Tag Archives: fellow believer

108 – April 18 – This Day in Baptist History Past


 

A Teenager in Prison

 

Andrei Yudintsev, teenager in the Russian gulag, was eighteen when he and his friend, Vladimir Timchuk, were arrested during the Thanksgiving service at their Baptist church.  The lads thought they might spend a short time in the local jail or be fined, but soon they discovered they were going to be “tried” and a mandatory “guilty” finding would confine them for years in prison.  They were given prison terms of three and a half years.  Following a brief incarceration in the local prison, the two were transported to different prison camps.  On April 18, 1982, Andrei arrived in his camp where he worked as a welder.  For two years, he had no Christian fellowship, but one day he was told that a fellow believer had been brought in.  He rejoiced to meet Pavel Zinchenko and to discover that they had many mutual friends.  The men continually encouraged each other which made the burdens of prison almost tolerable.  In the course of time, a third believer, Vladimir Blasenko from Nikolaev, was also transferred into their camp.

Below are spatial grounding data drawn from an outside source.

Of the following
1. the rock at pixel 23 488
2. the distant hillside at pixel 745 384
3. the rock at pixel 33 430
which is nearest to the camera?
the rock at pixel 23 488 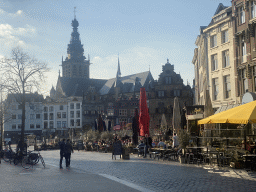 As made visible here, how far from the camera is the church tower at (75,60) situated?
112 m

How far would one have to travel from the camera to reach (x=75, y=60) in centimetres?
11144

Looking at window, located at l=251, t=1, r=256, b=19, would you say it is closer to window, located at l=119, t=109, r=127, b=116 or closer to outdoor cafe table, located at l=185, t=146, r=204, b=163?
outdoor cafe table, located at l=185, t=146, r=204, b=163

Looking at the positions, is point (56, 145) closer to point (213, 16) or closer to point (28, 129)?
point (213, 16)

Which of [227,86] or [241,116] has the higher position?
[227,86]

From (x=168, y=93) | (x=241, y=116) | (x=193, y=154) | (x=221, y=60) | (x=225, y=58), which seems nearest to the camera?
(x=241, y=116)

Vladimir had suffered severely for his faith, but his captors could not break his spirit. Valdimir was thrilled to discover that Andrei and Pavel had a New Testament, and he read late into the nights.  Andrei reported:  “At first it might seem that this was a waste of my youth, but when it was over, nothing remained except gratitude to the Lord and gladness.  David says in Psalm 33, ‘For our heart shall rejoice in Him, because we have trusted in His holy Name.’”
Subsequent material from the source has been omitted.